I have a picture book that I like to use during lessons about similes and lessons about drawing conclusions. It is “Seven Blind Mice” by Ed Young. Do you know this story?
In this story there are seven blind mice who argue about a strange object they happen upon. Each mouse, in turn, investigates the object and proclaims to the others what the object is. The problem is they do not agree on what they have found. That is, until the last mouse explains to them that they have each described only a part of this unknown thing and that they must put all their information together to understand what the object is. I won’t spoil the end for you -- it’s fun to see if you can figure it out before they do.
Oh, but how I need to be reminded not to make the same mistake of the first six mice! So many times I take the bit of information that I have in front of me and presume to understand the whole situation.
Sometimes I jump to a conclusion about a students’ behavior. Other times I make a quick judgment about a student’s achievement based on one or two assessments. If I’m honest, I do this all the time with coworkers, parents, and other adults that I interact with, too. I hear one comment and assume I understand their thoughts and their situations. I am just like those blind mice!
I remember several years ago reading a book about assessment where the author compared assessments to windows. (I’m sorry I can’t properly credit the author now -- I have no idea what book that was this many years later!) When you look out your window, you can only see part of what is outside. You get a limited glimpse of the surroundings, but there is also a lot you can’t see. I see how this analogy applies to many aspects of daily life with other people.
There is no way I can understand someone’s point of view on a particular topic without spending a great deal of time learning about all their past experiences that led them to that belief. I should not be so quick to assume I understand someone else’s behavior when I only get the view from my window. I need to be reminded to step back and realize that I don’t have all the information.

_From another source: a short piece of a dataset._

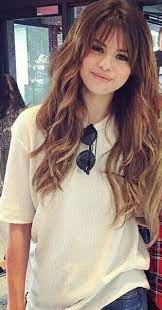 Every Time I Look At Her I Think How Can A Girl Be Soooo Perfect Haircuts Trends Hair Styles Long Hair With Bangs Layered Haircuts With Bangs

When a mother complains about an assignment, I am tempted to be defensive and short-tempered. But what if there are circumstances that I don’t see? She may not be telling me that her Dad has just been diagnosed with terminal cancer, or her husband lost his job six months ago, and they are facing foreclosure on their home. In short, her complaint about the homework is really not the root of the problem, it’s just one more thing she feels she cannot deal with right now.
When my coworker refuses to help with a project or fails to complete it, I get frustrated and decide she’s taking advantage of me. But maybe what I don’t know is that her child is lashing out at her over everything since her divorce. It’s possible that her best friend has just betrayed her, or she has just discovered that her husband has been unfaithful. The project that seems so important to me is not even on her radar because she is overwhelmed with her own problems.
When I think like this, it reminds me to be kind and forgiving. I can be more patient and understanding. Even when I don’t know the whole story, I can resist the temptation to make a quick judgment.
This idea also applies to my spiritual life. I cannot comprehend all that God is doing from the limited viewpoint that I can see. He is at work on such a grand scale! God’s plans are so much bigger than I can even imagine, but He is at work all around me. I should never assume I completely understand what He is doing. While I see what’s out my little window at one given point in time, He sees a view even bigger than a google earth shot! And He sees across all time! In this life, there are going to be a lot of times when I don’t understand what God is doing. But God sees the whole picture -- all the time! I can trust Him to work in His perfect timing and His perfect ways, even though I can’t completely see it myself.
And one day, we will see clearly the whole picture of God’s plan working around us. Until then, I’m going to try to be more and more like that seventh mouse who didn’t jump to a conclusion but who took the time to gather up all the information and see as much of the picture as she could.
Father God, help me to avoid jumping to conclusions based on partial information. It is so easy to do! Help me to be the person who always attempts to understand, who always offers the benefit of the doubt, who seeks Your wisdom and shows Your love even when I don’t know the whole story. Help me to be gracious to others, as You are gracious to me. And help me to see more and more of You each day and to understand how You are working around me.